Supplied information:

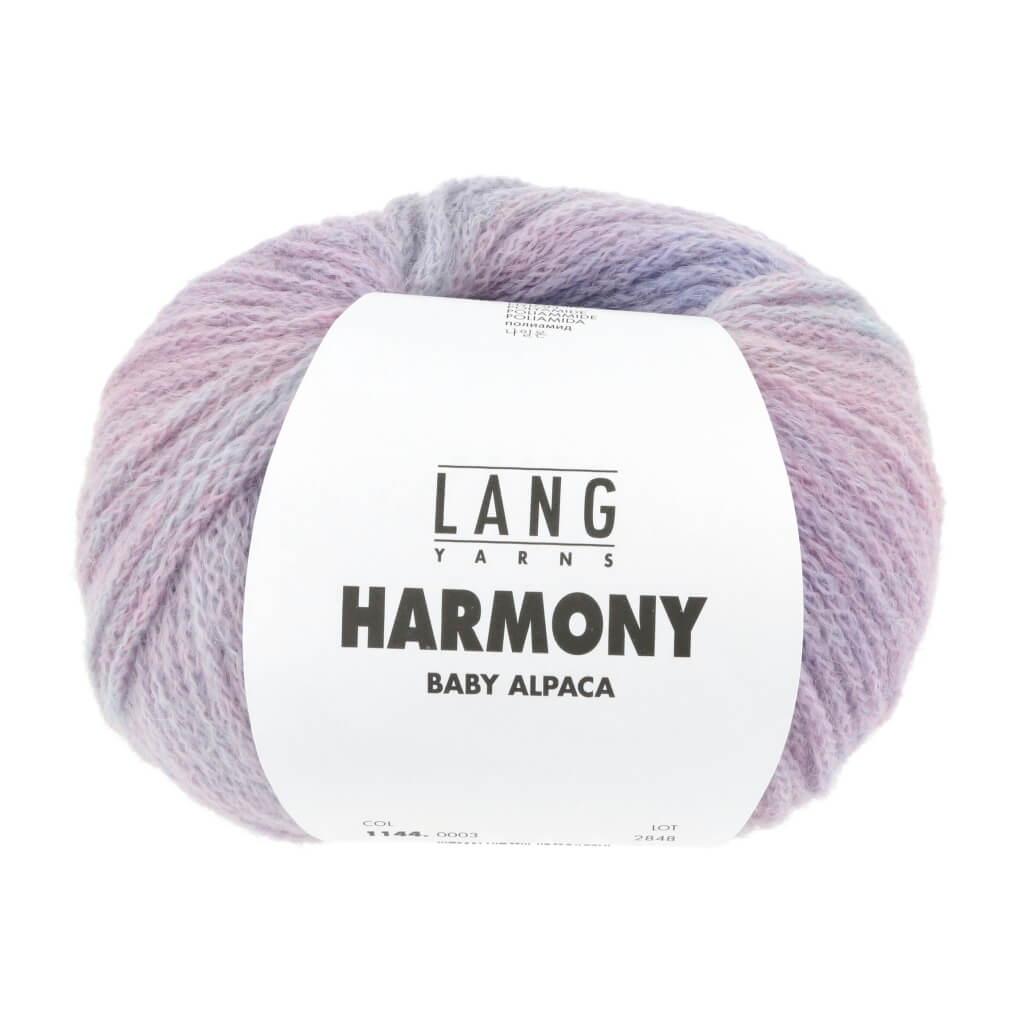 Lang Yarns 003 - lila/rosa Lang Yarns Harmony Lieblingsgarn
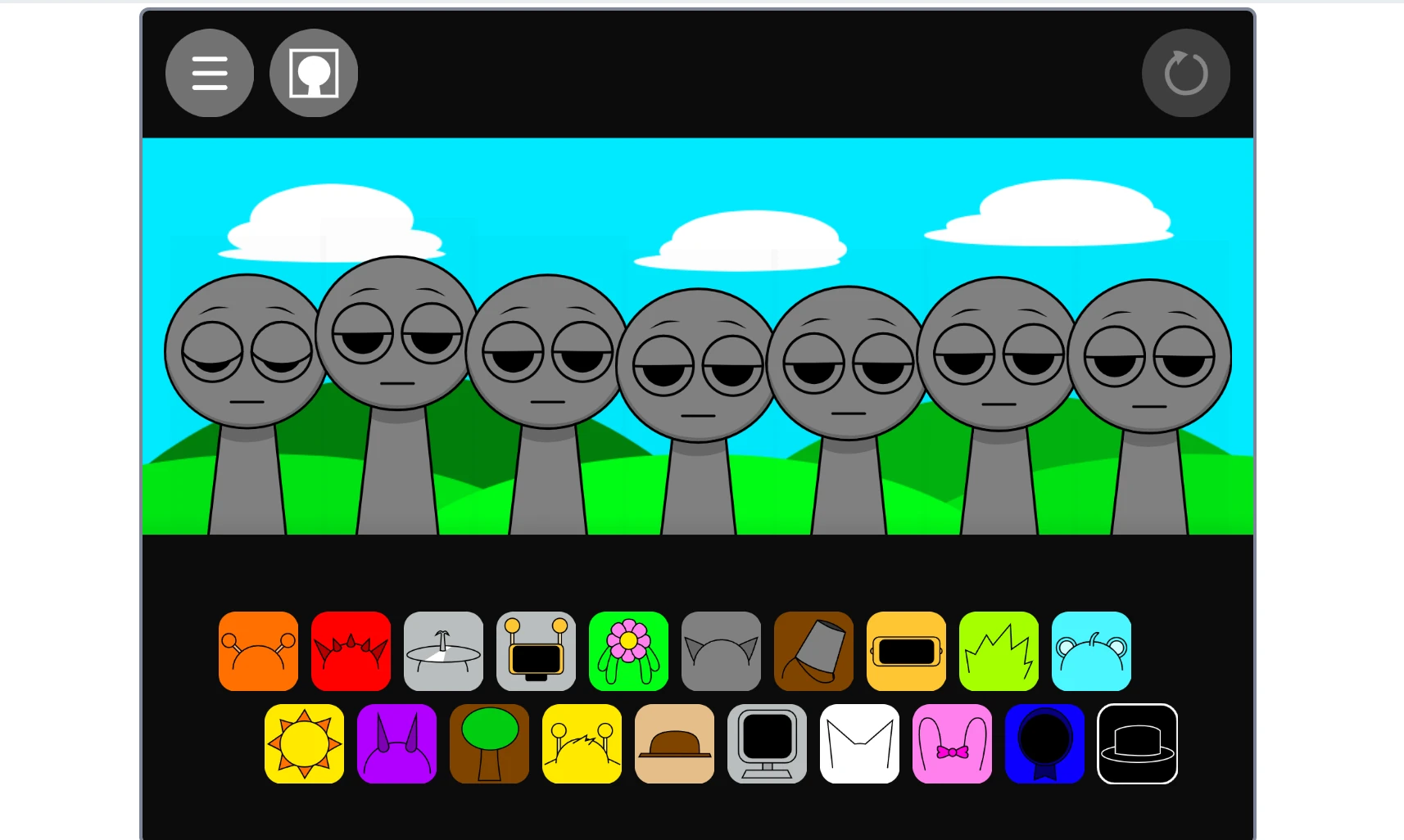 Gray Sprunki character in Sprunki Gray Gets Revenge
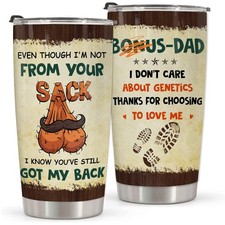 Bonus Dad Tumbler Funny 20 Oz Fathers Day or Birthday Gifts from Daughte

Task:
Without the pictures, repeat the listing exactly as it reads.

Problem solution:
 Lang Yarns 003 - lila/rosa Lang Yarns Harmony Lieblingsgarn
 Gray Sprunki character in Sprunki Gray Gets Revenge
 Bonus Dad Tumbler Funny 20 Oz Fathers Day or Birthday Gifts from Daughte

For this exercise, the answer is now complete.